Olivier Jospin : la politique de l’action après l’action politique

A l’école de la 2e chance en Seine-Saint-Denis, Olivier Jospin (frère de Lionel) est parvenu à mettre en œuvre un dispositif destiné à « ceux qui ont raté l’école ou que l’école a ratés« . Une réussite qui ne doit rien au hasard mais à des années d’expérimentation en matière d’innovations pédagogiques.

Au début, l’idée de parler d’un « parcours d’exception » suscite la réserve. « Ce doit être un vieux fond protestant », s’excuse-t-il presque. Tout au long de la conversation le ton restera très retenu même si la passion perce sous les mots toujours choisis avec soin. Et au fil de la discussion, les images apparemment éparses d’une vie se mettent en place pour donner une cohérence.

Olivier Jospin, 62 ans, fut successivement (et parfois simultanément) international junior de basket, coopérant en Afrique, éducateur spécialisé, enseignant d’éducation physique, formateur auprès de la CCI (Chambre de commerce et d’industrie) de Paris, militant trotskyste, directeur de différentes structures de formation, avant de créer en 2002 l’école de la 2e chance en Seine-Saint-Denis.

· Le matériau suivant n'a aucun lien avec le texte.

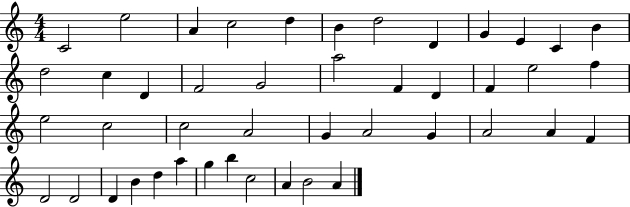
C4/h E5/h A4/q C5/h D5/q B4/q D5/h D4/q G4/q E4/q C4/q B4/q D5/h C5/q D4/q F4/h G4/h A5/h F4/q D4/q F4/q E5/h F5/q E5/h C5/h C5/h A4/h G4/q A4/h G4/q A4/h A4/q F4/q D4/h D4/h D4/q B4/q D5/q A5/q G5/q B5/q C5/h A4/q B4/h A4/q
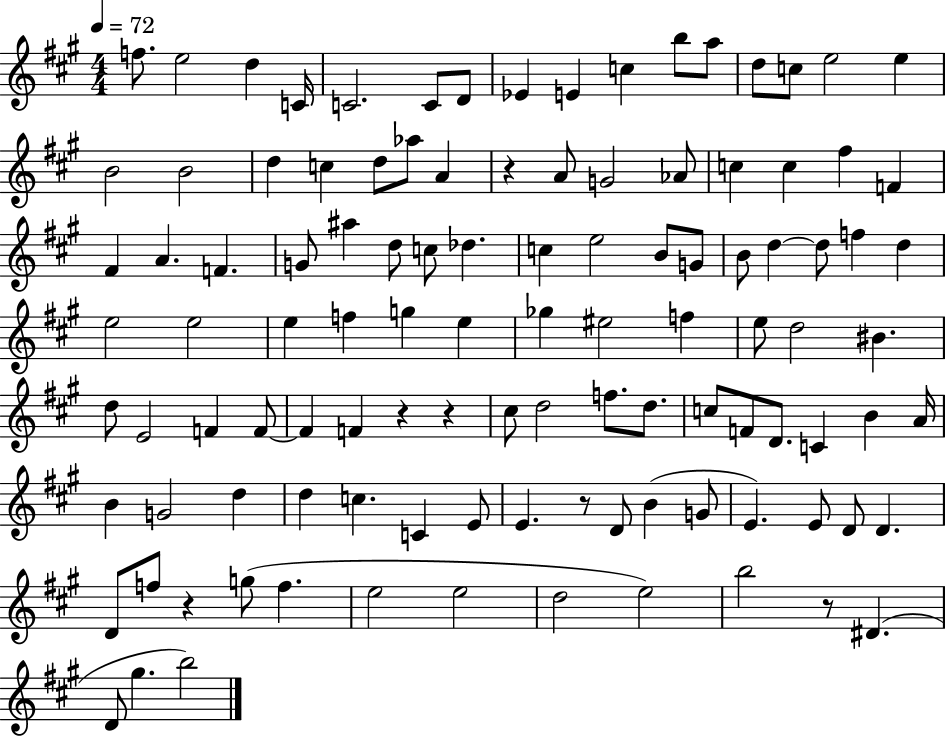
X:1
T:Untitled
M:4/4
L:1/4
K:A
f/2 e2 d C/4 C2 C/2 D/2 _E E c b/2 a/2 d/2 c/2 e2 e B2 B2 d c d/2 _a/2 A z A/2 G2 _A/2 c c ^f F ^F A F G/2 ^a d/2 c/2 _d c e2 B/2 G/2 B/2 d d/2 f d e2 e2 e f g e _g ^e2 f e/2 d2 ^B d/2 E2 F F/2 F F z z ^c/2 d2 f/2 d/2 c/2 F/2 D/2 C B A/4 B G2 d d c C E/2 E z/2 D/2 B G/2 E E/2 D/2 D D/2 f/2 z g/2 f e2 e2 d2 e2 b2 z/2 ^D D/2 ^g b2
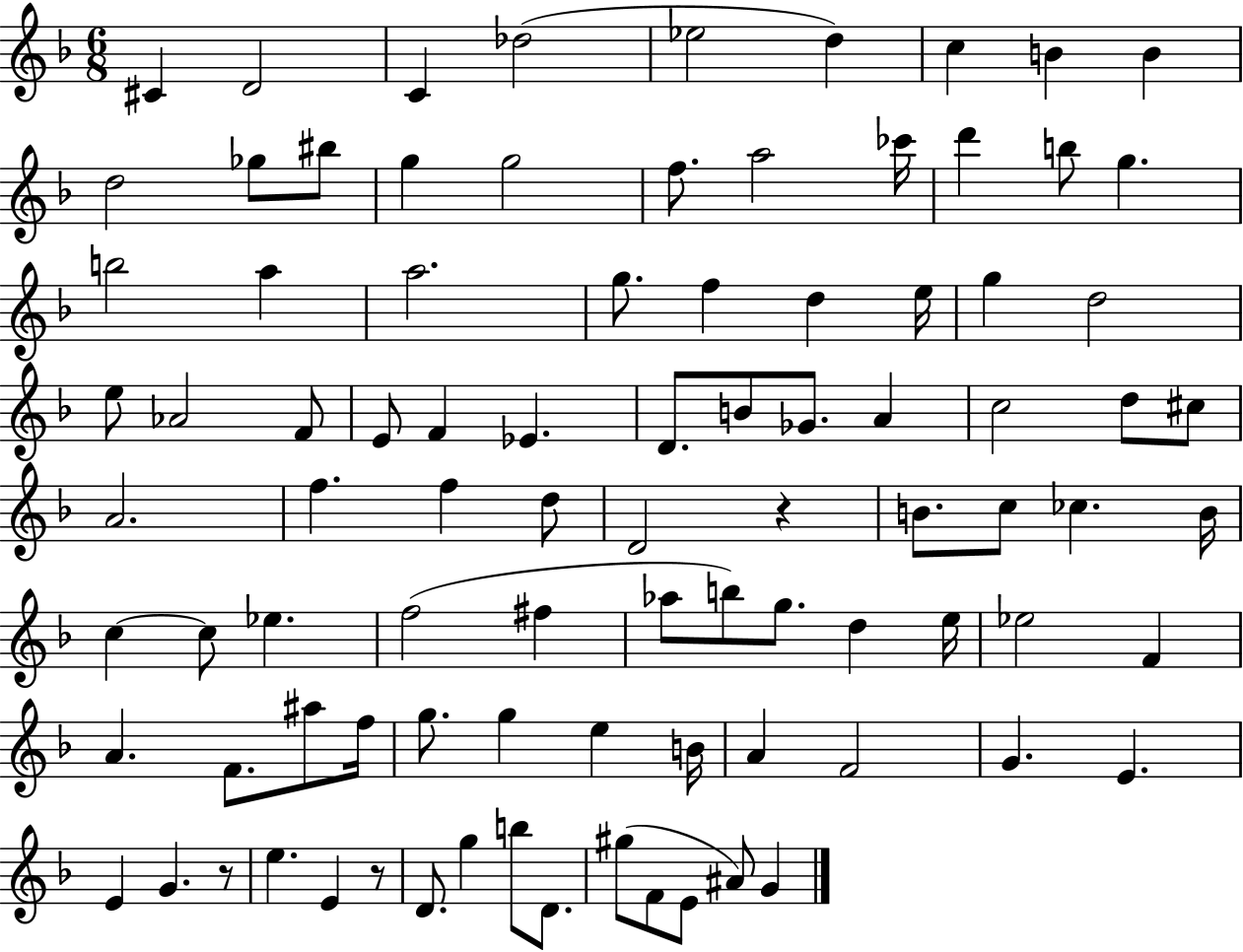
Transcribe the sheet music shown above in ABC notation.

X:1
T:Untitled
M:6/8
L:1/4
K:F
^C D2 C _d2 _e2 d c B B d2 _g/2 ^b/2 g g2 f/2 a2 _c'/4 d' b/2 g b2 a a2 g/2 f d e/4 g d2 e/2 _A2 F/2 E/2 F _E D/2 B/2 _G/2 A c2 d/2 ^c/2 A2 f f d/2 D2 z B/2 c/2 _c B/4 c c/2 _e f2 ^f _a/2 b/2 g/2 d e/4 _e2 F A F/2 ^a/2 f/4 g/2 g e B/4 A F2 G E E G z/2 e E z/2 D/2 g b/2 D/2 ^g/2 F/2 E/2 ^A/2 G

Au départ, l’objectif de l’école de la 2e chance a des allures de défi insurmontable : offrir à des jeunes adultes sortis du système scolaire sans diplôme ni qualification l’opportunité d’une insertion sociale et professionnelle. Olivier Jospin cherche alors la personne la plus à même de mener à bien le projet. Après trois décennies de carrière dans le monde de la formation professionnelle, son carnet d’adresses devrait faire merveille. Il n’aura pas à chercher très loin : « je me suis dit : pourquoi pas moi ?« 

Et l’homme d’égrener les trois raisons qui l’ont poussé à se lancer dans l’aventure. « D’abord, essayer de trouver une solution aux problèmes sociaux et humains auxquels sont confrontés les exclus du système scolaire, c’est une façon de continuer à militer. Ensuite, il existait un espace de liberté pour créer, innover et monter cette structure à partir de rien en ayant carte blanche. Enfin, mon expérience m’avait montré que si l’on se penche sur la question de l’évolution des métiers, on peut parvenir à une meilleure adéquation emploi/formation ».

Un système qui désamorce la violence

Pour monter ce projet, aujourd’hui considéré comme un succès, Olivier Jospin tire les enseignements d’une longue carrière de formateur passée à multiplier les remises en cause et les innovations pédagogiques. Dans un centre de formation par l’apprentissage qu’il a dirigé auparavant, il a initié la réalisation d’un inventaire des compétences et aptitudes nécessaires pour un jeune de 16 ans sur le point d’entrer dans le monde du travail. Le résultat a ensuite été comparé avec le contenu de l’enseignement délivré. Bilan : « la conclusion a été terrifiante, notre enseignement nous permettait d’agir sur seulement 20% des éléments relevés dans notre inventaire ». Immédiatement, avec l’équipe pédagogique, il décide de dédier une journée par semaine au travail sur les 80% oubliés par l’enseignement classique, à charge pour les profs de boucler tout de même le programme. « Comme on a utilisé ce temps dégagé pour travailler notamment sur la motivation, la confiance en soi, la recherche d’informations, la capacité à travailler en équipe, au final l’heure « perdue » dans chaque matière a été un investissement très fructueux ».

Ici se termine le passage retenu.